A quorum of Journal Nodes: the active NameNode presents its edits to a subset of journal daemons that record this information. The standby node constantly monitors these journal daemons for updates and syncs the state with itself.
Zookeeper or any other High Availability monitoring service can be used to track NameNode failures. With the assistance of Zookeeper, failover procedures to promote the hot standby as the active NameNode can be triggered.
Similar to what YARN did to Hadoop's computation layer, a more generalized storage model has been implemented in Hadoop 2.X. The block storage layer has been generalized and separated out from the filesystem layer. This separation has given an opening for other storage services to be integrated into a Hadoop cluster. Previously, HDFS and the block storage layer were tightly coupled.
One use case that has come forth from this generalized storage model is HDFS Federation. Federation allows multiple HDFS namespaces to use the same underlying storage. Federated NameNodes provide isolation at the filesystem level. In Chapter 10, HDFS Federation, we will delve into the details of this feature.
Protection against user errors
Snapshotting is implemented only on NameNode. It does not involve copying data from the data nodes. It is a persistent copy of the block list and file size. The process of taking a snapshot is almost instantaneous and does not affect the performance of NameNode.
The wire protocol for RPCs within Hadoop is now based on Protocol Buffers. Previously, Java serialization via Writables was used. This improvement not only eases maintaining backward compatibility, but also aids in rolling the upgrades of different cluster components. RPCs allow for client-side retries as well.
HDFS in Hadoop 1.X was agnostic about the type of storage being used. Mechanical or SSD drives were treated uniformly. The user did not have any control on data placement. Hadoop 2.X releases in 2014 are aware of the type of storage and expose this information to applications as well. Applications can use this to optimize their data fetch and placement strategies.

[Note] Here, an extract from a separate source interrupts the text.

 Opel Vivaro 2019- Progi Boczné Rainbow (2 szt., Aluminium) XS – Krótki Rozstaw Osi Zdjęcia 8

HDFS append support has been brought into Hadoop 2.X.
HDFS access in Hadoop 1.X releases has been through HDFS clients. In Hadoop 2.X, support for NFSv3 has been brought into the NFS gateway component. Clients can now mount HDFS onto their compatible local filesystem, allowing them to download and upload files directly to and from HDFS. Appends to files are allowed, but random writes are not.

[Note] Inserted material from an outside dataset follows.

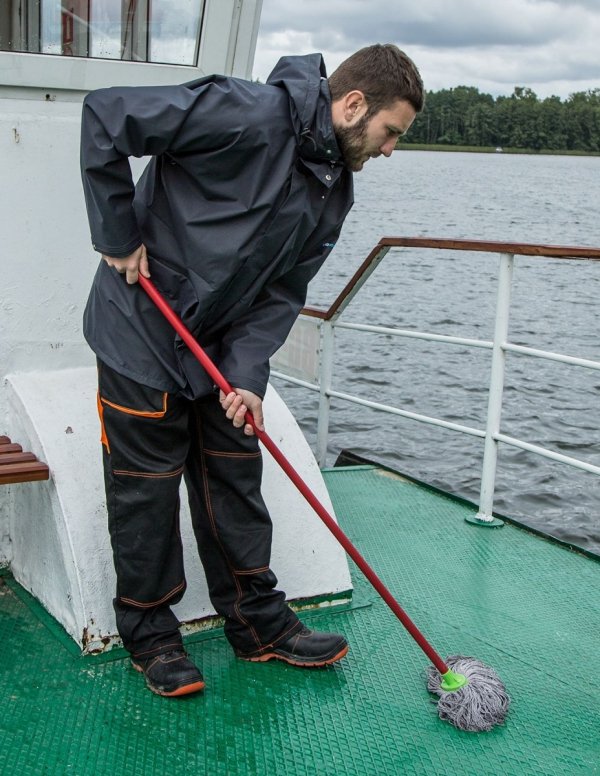 Kurtka zapinana na zamek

A number of I/O improvements have been brought into Hadoop. For example, in Hadoop 1.X, clients collocated with data nodes had to read data via TCP sockets. However, with short-circuit local reads, clients can directly read off the data nodes. This particular interface also supports zero-copy reads. The CRC checksum that is calculated for reads and writes of data has been optimized using the Intel SSE4.2 CRC32 instruction.
Hadoop is also widening its application net by supporting other platforms and frameworks. One dimension we saw was onboarding of other computational models with YARN or other storage systems with the Block Storage layer. The other enhancements are as follows:
Hadoop 2.X supports Microsoft Windows natively. This translates to a huge opportunity to penetrate the Microsoft Windows server land for massive data processing. This was partially possible because of the use of the highly portable Java programming language for Hadoop development. The other critical enhancement was the generalization of compute and storage management to include Microsoft Windows.
As part of Platform-as-a-Service offerings, cloud vendors give out on-demand Hadoop as a service. OpenStack support in Hadoop 2.X makes it conducive for deployment in elastic and virtualized cloud environments.